Another potential fix would be to check the maximum page LSN that each read-only transaction touched (e.g., when LSN=130), and wait until that LSN becomes durable. However, even if the particular update operation log becomes durable, the dependent transaction (Xct B) might be later rolled back if its commit log is not yet durable. Thus, such a fix may lead to violations in serializability.

According to principles described herein, an exemplary serializable ELR may establish that a read-only transaction (e.g., second transaction 516, Xct A) is to wait until the log flush of other transactions (e.g., first transaction 512, Xct B) that the second transaction 516 depends upon. The wait/delay may be based on a tag. In the above case, second transaction 516 (Xct A) is to wait until a durability of the log buffer's LSN 532 corresponds to B's commit log, which is when the durable log buffer LSN 532 reaches LSN=200. Notice that Xct A is to wait until 200, when the commit request at step 3 would become durable, not 130 (corresponding to the LSN of the write to D3 itself). In other words, the read transaction could be delayed when interacting with uncommitted data to allow the data to commit, and would not need to be delayed when interacting with untouched and/or already committed data. As shown in FIG. 5, the crash at step 7 occurred when LSN=140, thus Xct A would have still been waiting until LSN=200 before committing, thereby ensuring serializability.

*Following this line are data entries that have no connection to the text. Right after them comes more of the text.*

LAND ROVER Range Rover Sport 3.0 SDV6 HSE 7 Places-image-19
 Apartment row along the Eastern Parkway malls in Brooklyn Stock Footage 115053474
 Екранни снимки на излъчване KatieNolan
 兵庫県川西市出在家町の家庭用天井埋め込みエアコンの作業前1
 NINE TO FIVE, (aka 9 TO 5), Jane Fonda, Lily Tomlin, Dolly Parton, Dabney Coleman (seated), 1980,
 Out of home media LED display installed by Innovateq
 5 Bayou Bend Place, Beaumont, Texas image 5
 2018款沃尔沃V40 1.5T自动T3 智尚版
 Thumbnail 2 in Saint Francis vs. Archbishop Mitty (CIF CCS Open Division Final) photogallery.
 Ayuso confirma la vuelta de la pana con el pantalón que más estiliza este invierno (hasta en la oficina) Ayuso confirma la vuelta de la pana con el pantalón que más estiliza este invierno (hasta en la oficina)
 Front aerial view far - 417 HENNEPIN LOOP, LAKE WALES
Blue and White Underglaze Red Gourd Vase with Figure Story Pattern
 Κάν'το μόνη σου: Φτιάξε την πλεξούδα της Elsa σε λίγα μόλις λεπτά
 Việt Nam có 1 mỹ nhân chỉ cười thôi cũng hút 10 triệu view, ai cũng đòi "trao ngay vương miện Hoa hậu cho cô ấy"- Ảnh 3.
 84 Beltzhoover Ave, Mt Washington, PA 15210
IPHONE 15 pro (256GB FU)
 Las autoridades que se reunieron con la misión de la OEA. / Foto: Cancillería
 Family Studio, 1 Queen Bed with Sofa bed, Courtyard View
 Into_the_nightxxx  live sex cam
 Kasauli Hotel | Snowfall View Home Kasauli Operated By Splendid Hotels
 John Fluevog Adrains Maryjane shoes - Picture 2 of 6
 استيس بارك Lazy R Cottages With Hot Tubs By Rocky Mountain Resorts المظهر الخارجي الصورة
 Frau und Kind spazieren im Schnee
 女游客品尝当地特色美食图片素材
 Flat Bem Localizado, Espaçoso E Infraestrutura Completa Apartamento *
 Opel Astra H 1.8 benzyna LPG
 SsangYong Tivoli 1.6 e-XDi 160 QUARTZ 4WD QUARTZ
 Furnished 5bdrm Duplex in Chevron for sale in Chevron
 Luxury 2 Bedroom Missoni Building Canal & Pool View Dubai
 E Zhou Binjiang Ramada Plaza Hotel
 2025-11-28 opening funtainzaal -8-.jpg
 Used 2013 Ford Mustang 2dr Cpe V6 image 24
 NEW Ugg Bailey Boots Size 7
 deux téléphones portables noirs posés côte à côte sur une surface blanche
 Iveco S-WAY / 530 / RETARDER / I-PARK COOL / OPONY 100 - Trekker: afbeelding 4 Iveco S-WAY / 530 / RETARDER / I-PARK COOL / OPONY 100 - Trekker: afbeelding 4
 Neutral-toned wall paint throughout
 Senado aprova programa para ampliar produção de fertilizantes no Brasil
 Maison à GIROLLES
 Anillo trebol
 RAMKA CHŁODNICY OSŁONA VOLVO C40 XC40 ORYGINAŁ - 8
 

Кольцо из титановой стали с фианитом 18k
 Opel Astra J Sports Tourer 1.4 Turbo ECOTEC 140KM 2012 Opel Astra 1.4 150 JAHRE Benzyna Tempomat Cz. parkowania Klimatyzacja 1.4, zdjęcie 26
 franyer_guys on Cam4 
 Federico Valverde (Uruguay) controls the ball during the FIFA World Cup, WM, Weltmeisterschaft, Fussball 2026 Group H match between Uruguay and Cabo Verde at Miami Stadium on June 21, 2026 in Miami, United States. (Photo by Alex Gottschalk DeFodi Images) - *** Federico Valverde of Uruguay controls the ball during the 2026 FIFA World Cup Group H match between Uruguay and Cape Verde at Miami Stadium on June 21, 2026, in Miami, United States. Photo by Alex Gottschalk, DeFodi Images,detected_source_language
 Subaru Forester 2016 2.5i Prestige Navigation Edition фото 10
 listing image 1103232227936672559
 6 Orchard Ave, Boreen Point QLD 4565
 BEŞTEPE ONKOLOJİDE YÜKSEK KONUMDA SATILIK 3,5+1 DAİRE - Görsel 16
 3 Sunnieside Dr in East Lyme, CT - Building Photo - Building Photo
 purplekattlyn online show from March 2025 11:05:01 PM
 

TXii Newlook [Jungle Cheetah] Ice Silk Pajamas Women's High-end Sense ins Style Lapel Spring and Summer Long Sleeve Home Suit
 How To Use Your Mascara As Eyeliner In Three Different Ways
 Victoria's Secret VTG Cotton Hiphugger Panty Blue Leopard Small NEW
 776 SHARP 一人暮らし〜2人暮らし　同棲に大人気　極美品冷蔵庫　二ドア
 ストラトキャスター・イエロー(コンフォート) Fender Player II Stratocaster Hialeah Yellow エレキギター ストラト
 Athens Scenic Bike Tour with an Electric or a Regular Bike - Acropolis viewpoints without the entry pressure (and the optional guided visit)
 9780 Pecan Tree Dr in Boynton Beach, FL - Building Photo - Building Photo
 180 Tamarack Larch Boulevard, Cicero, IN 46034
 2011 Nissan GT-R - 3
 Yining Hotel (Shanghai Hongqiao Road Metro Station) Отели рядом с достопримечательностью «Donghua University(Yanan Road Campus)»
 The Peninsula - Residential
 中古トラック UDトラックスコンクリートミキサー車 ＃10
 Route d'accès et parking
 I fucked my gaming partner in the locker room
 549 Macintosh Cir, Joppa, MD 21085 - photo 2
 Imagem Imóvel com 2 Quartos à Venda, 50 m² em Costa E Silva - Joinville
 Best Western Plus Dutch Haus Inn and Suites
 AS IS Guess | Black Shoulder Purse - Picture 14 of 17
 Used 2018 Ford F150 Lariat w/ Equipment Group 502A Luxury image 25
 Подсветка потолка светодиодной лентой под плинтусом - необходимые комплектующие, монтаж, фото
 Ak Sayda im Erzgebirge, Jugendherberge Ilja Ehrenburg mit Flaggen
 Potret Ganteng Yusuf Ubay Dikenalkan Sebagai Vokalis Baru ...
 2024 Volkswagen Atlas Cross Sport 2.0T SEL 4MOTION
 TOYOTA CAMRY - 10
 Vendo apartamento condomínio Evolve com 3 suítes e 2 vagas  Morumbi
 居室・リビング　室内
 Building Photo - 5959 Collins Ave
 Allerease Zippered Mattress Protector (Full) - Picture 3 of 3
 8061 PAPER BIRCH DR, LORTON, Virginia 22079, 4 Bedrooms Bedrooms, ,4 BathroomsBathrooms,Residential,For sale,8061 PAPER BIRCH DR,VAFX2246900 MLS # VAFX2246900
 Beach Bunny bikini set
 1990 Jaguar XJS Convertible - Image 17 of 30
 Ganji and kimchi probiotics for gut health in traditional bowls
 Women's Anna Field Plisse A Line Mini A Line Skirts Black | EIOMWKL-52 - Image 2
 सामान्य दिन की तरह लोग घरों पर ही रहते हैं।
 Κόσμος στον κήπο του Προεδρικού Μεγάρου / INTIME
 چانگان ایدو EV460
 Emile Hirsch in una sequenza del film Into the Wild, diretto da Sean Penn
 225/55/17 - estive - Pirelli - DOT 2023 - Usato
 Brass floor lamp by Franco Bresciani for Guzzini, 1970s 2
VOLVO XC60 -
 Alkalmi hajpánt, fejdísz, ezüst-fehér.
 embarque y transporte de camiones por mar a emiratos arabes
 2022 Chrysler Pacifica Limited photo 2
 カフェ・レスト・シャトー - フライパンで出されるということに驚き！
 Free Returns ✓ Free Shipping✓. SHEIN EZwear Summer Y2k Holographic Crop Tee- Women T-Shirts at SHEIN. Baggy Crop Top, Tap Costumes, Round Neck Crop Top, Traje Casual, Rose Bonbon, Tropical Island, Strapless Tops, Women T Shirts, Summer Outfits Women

FIG. 6 is a table 600 illustrating pseudo code for a transaction commit according to an example. Based on the observations above, an example solution for serializable/safe ELR (SX-ELR) is described in the commit protocol shown in FIG. 6. Although steps are described in terms of being carried out by various components, it is possible for any component (e.g., a transaction manager) to carry out a step. The solution shown in FIG. 6 may involve associating a tag with each lock queue in the lock table. For example, the tag may be appended to a lock, and/or the tag may replace the lock. The tag is to annotate when the latest durable modification happened to the data protected by the lock. A transaction may check for such tags whenever it acquires a lock, and the maximum value of the tags it observed may be stored. When the transaction turns out to be read-only at commit time, it may compare the maximum tag with the durable LSN and immediately exit if the maximum tag is already durable. Otherwise, the transaction may wake up the log flusher and wait until the LSN becomes durable. In other words, the maximum tag is the serialization point of the read-only transaction. If the thread is pipelining a next transaction, a maximum tag (commit LSN if the current transaction is read-write) may be inherited to the next transaction, anticipating the case where the next transaction is also read-only.

Read-write transactions, in contrast, may update the tags with their commit log's LSN when they release X locks during SX-ELR. In the above example illustrated in FIG. 5, the first transaction 512 (Xct B) may update the tag(s) associated with D3 and J5 with the value 200, corresponding to a commit LSN for the first transaction 512. This may be required for X locks, which imply logical data update done by the transaction. The same rule may apply to coarse locks (e.g., volume-lock) with an additional descendant tag. The descendant tag may be updated when early releasing SIX or IX locks while the other tag (self tag) may be updated when early-releasing absolute X locks. Transactions that take intent locks (e.g., IS) check the self-tag while those that take absolute locks (e.g., S) check both the self and descendant tags.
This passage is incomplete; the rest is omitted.